The environmental problem is so simple that almost everyone has overlooked the correct solution.
Instead, they’re indulging in the usual slavishly religious-dogmatic thinking, which is to say they’re chasing comfortable illusions and puffing up their own peacock feathers with self-important “solutions” that solve nothing.
Let me make clear what will not save the environment:
Your average media watcher in the USA will be appalled by this list of things that will not save the environment. They have been told these are “solutions.”
For us to save the environment, we need to first understand what threatens the environment; then, we need to figure out how to reverse that.
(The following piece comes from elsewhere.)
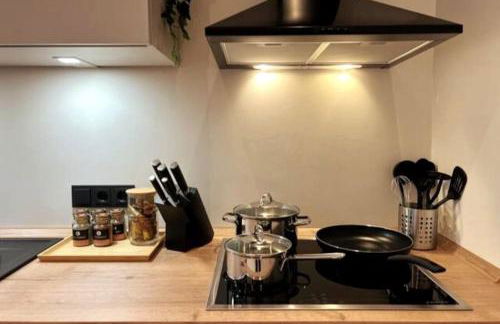 Soul-Apartment Terrasse Privat-Parkplatz Boxspringbett 55Zoll TV WLAN - Foto 12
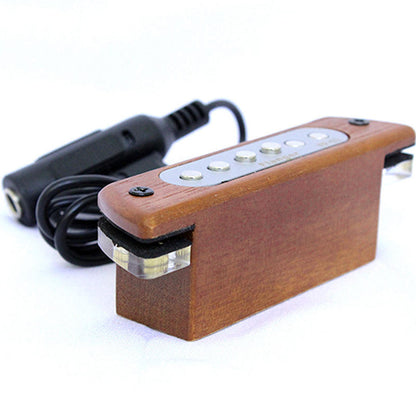 Flanger フランジャー  FP-02 マグネティックサウンドホールピックアップ 簡単取り付け 優れた音質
What threatens the environment? Many things. However, when you distill them all down to their common origin, you find that human expansion in both population and space used is what pushes natural species aside, and shatters ecosystems.
Many conservationists have been united in animosity toward Tanzania’s plan to build the so-called Serengeti Highway. The road, after all, would divide Serengeti National Park, threatening one of the world’s last great large-mammal migrations.
“There will be demand for use of that road in the future,” said Blanton, co-director of the nonprofit Serengeti Watch, based in Ithaca, New York. “And once it does get truck traffic, the soil there won’t support it and [the road] will have to be paved.”
If that happens and the wildebeest migration is affected, it could prove disastrous for Tanzania’s economy. – National Geographic
How do we reverse that? We put humans in smaller areas, and ideally, have fewer humans around. It would also be great if we could only grow the kind of humans who instinctively do not litter, buy big cars, shop at Wal-mart a lot, and eat tons of cheap beef.
Think about it this way:
The earth is a living, self-renewing organism. It needs space for its organs, namely its ecosystems and the species of plants and animals that maintain them, to act.
Humans have dominated all of earth. There are no longer patches of ground where you can go and think humans have never been here; it’s rare to find patches of earth where there isn’t a coke can or cigarette butt nearby (people like to leave these things, I think; it guarantees them some immortality).
Even on the floors of our oceans, it’s rare to find long stretches where there isn’t some sunken ship, used condom, junked engine block, or plastic detritus.
This domination of earth means that we have divided up the natural ecosystems with roads, settlements, fences and litter.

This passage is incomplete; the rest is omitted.